Data provided:
□ □ □ □ □ □ □
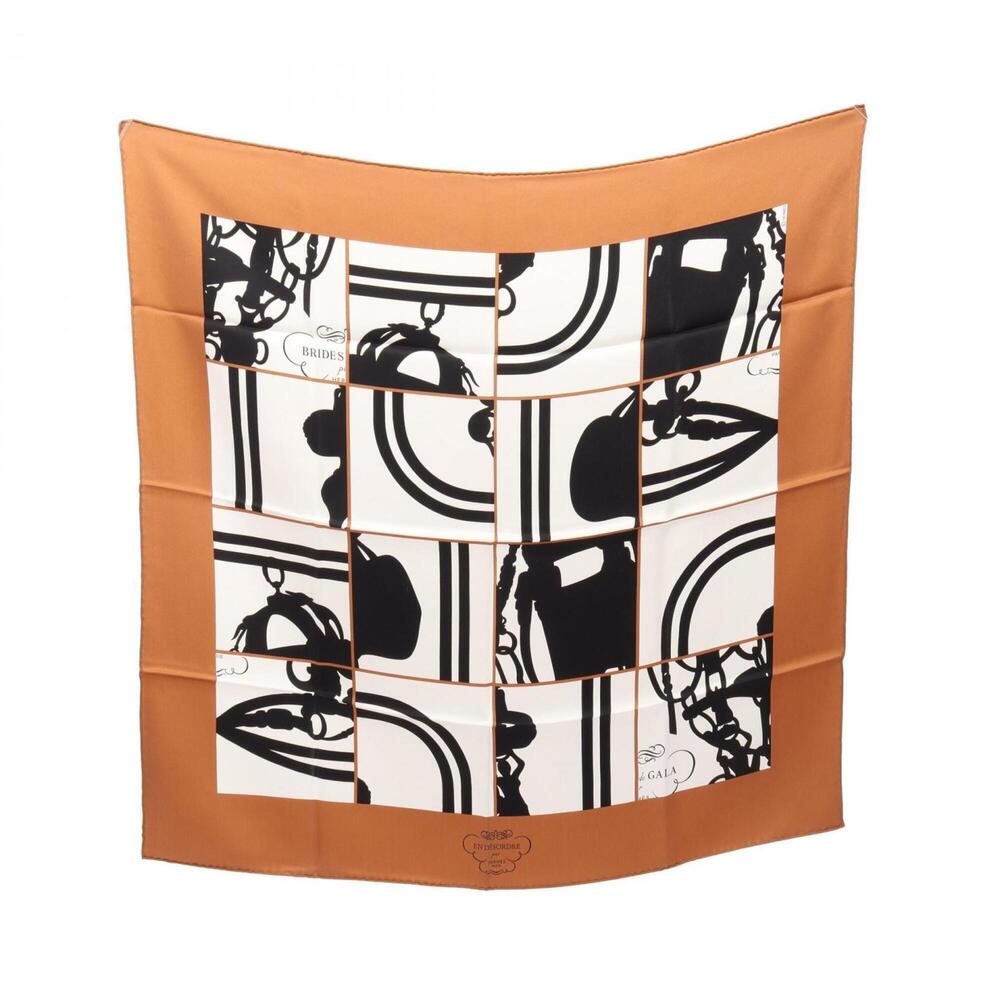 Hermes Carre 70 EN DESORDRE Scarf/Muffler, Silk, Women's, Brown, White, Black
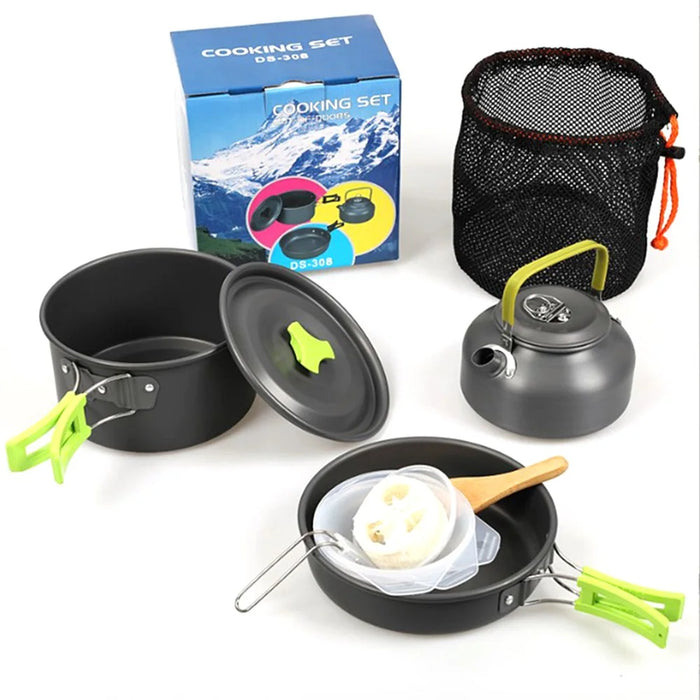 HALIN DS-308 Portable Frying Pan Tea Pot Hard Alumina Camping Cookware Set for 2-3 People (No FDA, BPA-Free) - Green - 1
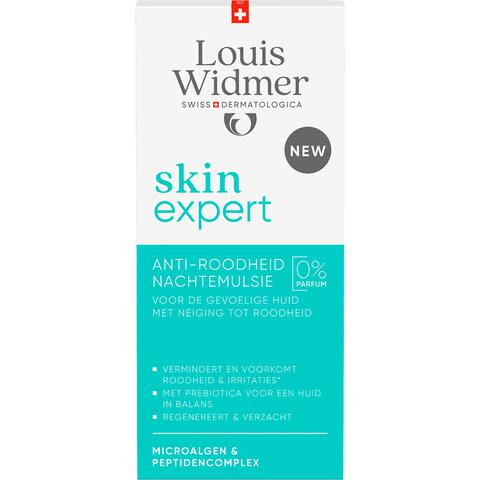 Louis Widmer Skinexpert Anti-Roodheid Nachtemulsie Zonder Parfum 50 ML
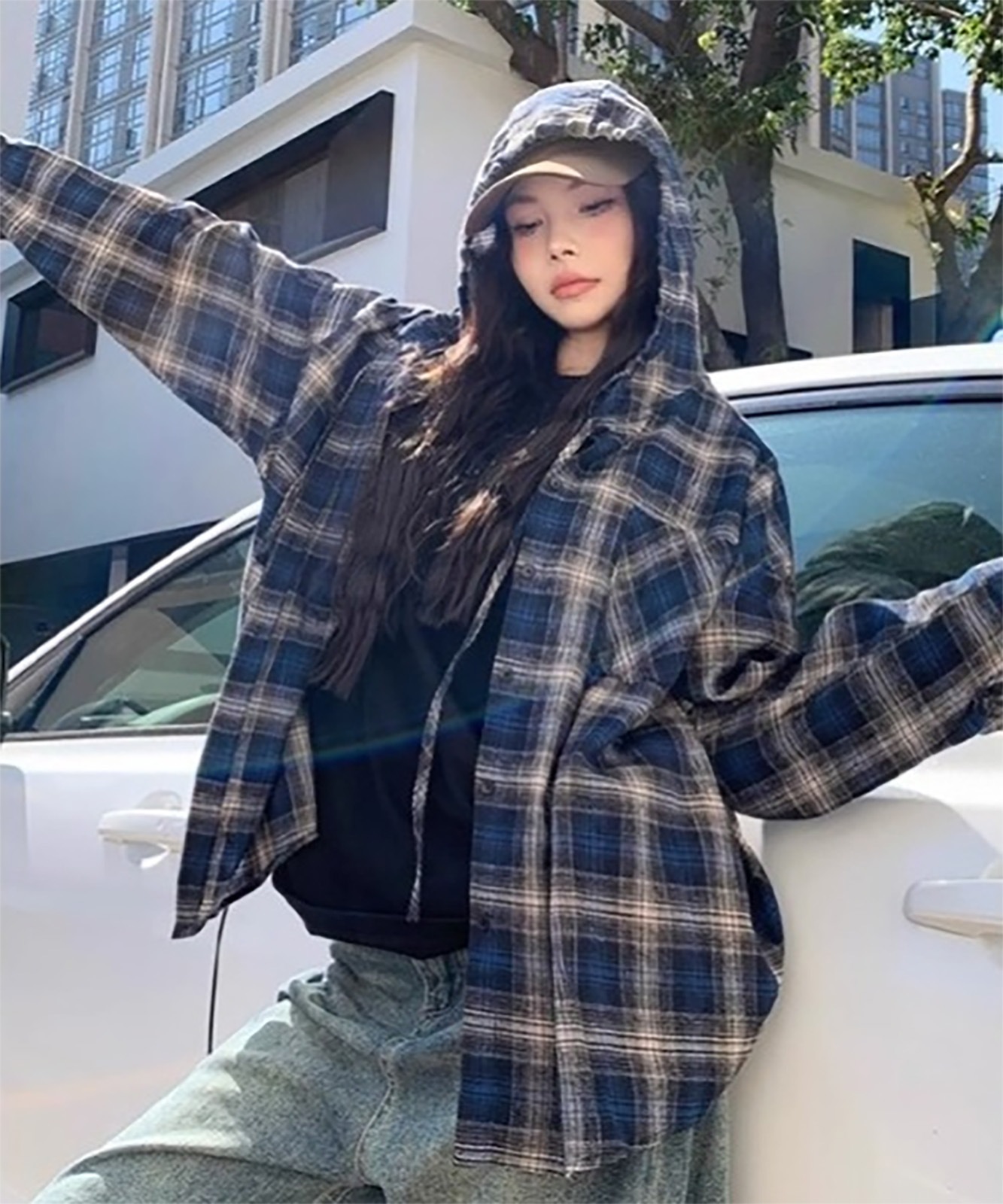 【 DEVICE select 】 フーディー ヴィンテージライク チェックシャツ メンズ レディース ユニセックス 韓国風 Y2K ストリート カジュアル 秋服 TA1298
□ □ □ □ □ □ □
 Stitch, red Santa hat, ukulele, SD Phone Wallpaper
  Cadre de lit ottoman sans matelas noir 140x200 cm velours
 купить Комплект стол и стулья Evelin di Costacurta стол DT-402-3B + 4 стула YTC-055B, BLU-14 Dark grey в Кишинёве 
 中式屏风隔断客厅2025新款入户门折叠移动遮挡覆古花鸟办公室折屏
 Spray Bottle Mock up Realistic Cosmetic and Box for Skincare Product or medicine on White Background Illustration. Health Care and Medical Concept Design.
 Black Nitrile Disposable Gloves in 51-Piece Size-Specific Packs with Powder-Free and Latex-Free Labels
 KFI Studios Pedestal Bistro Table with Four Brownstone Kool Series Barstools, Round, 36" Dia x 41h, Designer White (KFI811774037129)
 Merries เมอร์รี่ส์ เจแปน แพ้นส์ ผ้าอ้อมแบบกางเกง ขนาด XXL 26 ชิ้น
□ □ □ □ □ □ □
Task: Search the lines above for the string "with" and copy each line that has it.

Completed task:
 Black Nitrile Disposable Gloves in 51-Piece Size-Specific Packs with Powder-Free and Latex-Free Labels
 KFI Studios Pedestal Bistro Table with Four Brownstone Kool Series Barstools, Round, 36" Dia x 41h, Designer White (KFI811774037129)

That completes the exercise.